Avant, quand j'allais à Rock en Seine (j'ai fait presque toutes les éditions sauf la première, car je n'étais pas Parisien, ni celle de l'année dernière car je n'aime pas Oasis), je passais par Boulogne Pont de St Cloud.

Du métro jusqu'au festival, j'aimais voir toutes les affiches de concerts ou sorties CD à venir qui étaient collées sur tout le parcours jusqu'au festival. J'aimais aussi faire le concours de celui qui avait le plus de tracts collectés sur le chemin en arrivant sur le site. Ce petit concours était devenu une tradition.


Cette année, je viens en tant que chroniqueur. Je suis donc passé par l'entrée "presse et artistes" (Pont de Sèvre). C'est vraiment cool d'avoir un pass, j'ai beau avoir l'habitude, je ne suis toujours pas blasé d'avoir ce petit bout de plastique pendu à mon cou.

J'ai tout le temps envie de gueuler comme dans Wayne's World : "Backstage, Backstageuuuu, Backstaaaaaaage !". Même si, pour le coup, j'ai attendu le mien pendant une heure suite à un problème informatique (j'étais sur la liste, mais ils avaient perdu ma photo).

Heureusement, je n'étais pas le seul à avoir ce problème (même si Diane, la photographe qui m'accompagnait, a pu entrer en même pas 3 minutes chrono… tsssss…), et j'ai pu rentrer juste à temps pour voir le premier concert.

On commence le festival avec Minus the Bear. Il s'est mis à pleuvoir à la seconde où les membres de Minus the Bear sont montés sur scène.

Leur musique est plutôt cool, c'est un mélange d'indie pop et de rock progressif avec une léchouille d'électro. Ce sont des mecs à la cool avec un look de bûcherons, aux cheveux et aux barbes longs. C'est très chanté, léger et très mélodique.

J'aurais souhaité un poil plus d'énergie. C'est un petit peu trop gentillet, mais c'est tout de même très cool. En les écoutant, on a envie de voir défiler du paysage tout en se laissant aller à rêver. Ils jouent une musique idéale pour accompagner un road-trip. Malgré la météo, le public est présent et tape des mains sur les titres les plus dansants. C'est un début en douceur mais réussi pour ce Rock en Seine 2010.

Le groupe suivant était All Time Low. Je partais avec d'énormes a priori sur le groupe. On ne peut pas dire que j'ai été déçu ! C'était exactement ce que je pensais d'eux avant de les voir en live. Je n'aime pas Blink 182, c'est un fait, mais j'essaie de ne pas juger, car il y en a qui aiment… Mais All Time Low, c'est du sous-Blink…

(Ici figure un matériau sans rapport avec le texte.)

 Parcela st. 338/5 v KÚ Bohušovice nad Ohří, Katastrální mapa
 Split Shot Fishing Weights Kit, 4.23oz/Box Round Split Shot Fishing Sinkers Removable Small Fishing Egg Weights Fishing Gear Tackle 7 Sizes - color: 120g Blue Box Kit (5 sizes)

On dirait une mauvaise copie de tous les faux Offspring ou Green Day qui ont pullulé à la fin des 90's (mais avec une couche d'emo en plus). C'est de la pop-punk californienne potache, avec des appels entre les chansons pour que le public féminin montre ses seins et sa chatte… La grande classe ! Je ne suis resté que le temps de deux chansons. De toute manière, il y avait mieux qui n'allait pas tarder à commencer ailleurs.

Premier groupe des avant-Seine à jouer, Roken Is Dodelijk est une belle surprise. Cela ressemble à une réponse française à You Say Party We Say Die !, du coup ça me plaît beaucoup… Ils jouent une pop teintée d'indie et de folk de très bonne qualité, on a du mal à croire qu'ils soient français. Des synthés irrésistibles, des mélodies douces et sensibles, un rythme tantôt dansant, tantôt mélancolique, le groupe est très élégant dans sa musique comme sur scène.

J'aurais tellement préféré les entendre en fin de journée, genre le petit groupe à la cool pour finir le jour #1 en beauté sur une note apaisante.

Un groupe sans prétention qu'on découvre et qu'on écoute avec plaisir. Si j'étais tourneur, je les engagerais pour faire la première partie d'un Arcade Fire ou d'un Wolf Parade.

J'aurais ensuite dû aller voir Band of Horses mais j'ai dû faire mon premier choix cornélien du festival…

Et j'ai préféré aller à la conférence de presse de Skunk Anansie, même si je n'ai pas osé y poser de question (la première conférence de presse est intimidante, et puis ma timidité et ma non-maîtrise de l'anglais ont eu raison de moi et de l'envie de poser des questions à ce groupe culte).

En sortant de cette conférence de presse, j'ai marché le plus vite possible et traversé tout le site du festival pour aller voir King of Conspiracy. Oui, j'ai décidé de pas aller voir Kele… C'est vraiment pas ma came et ce que j'en ai entendu en passant à côté a confirmé ce que je pensais (d'ailleurs, le son était vraiment trop fort)…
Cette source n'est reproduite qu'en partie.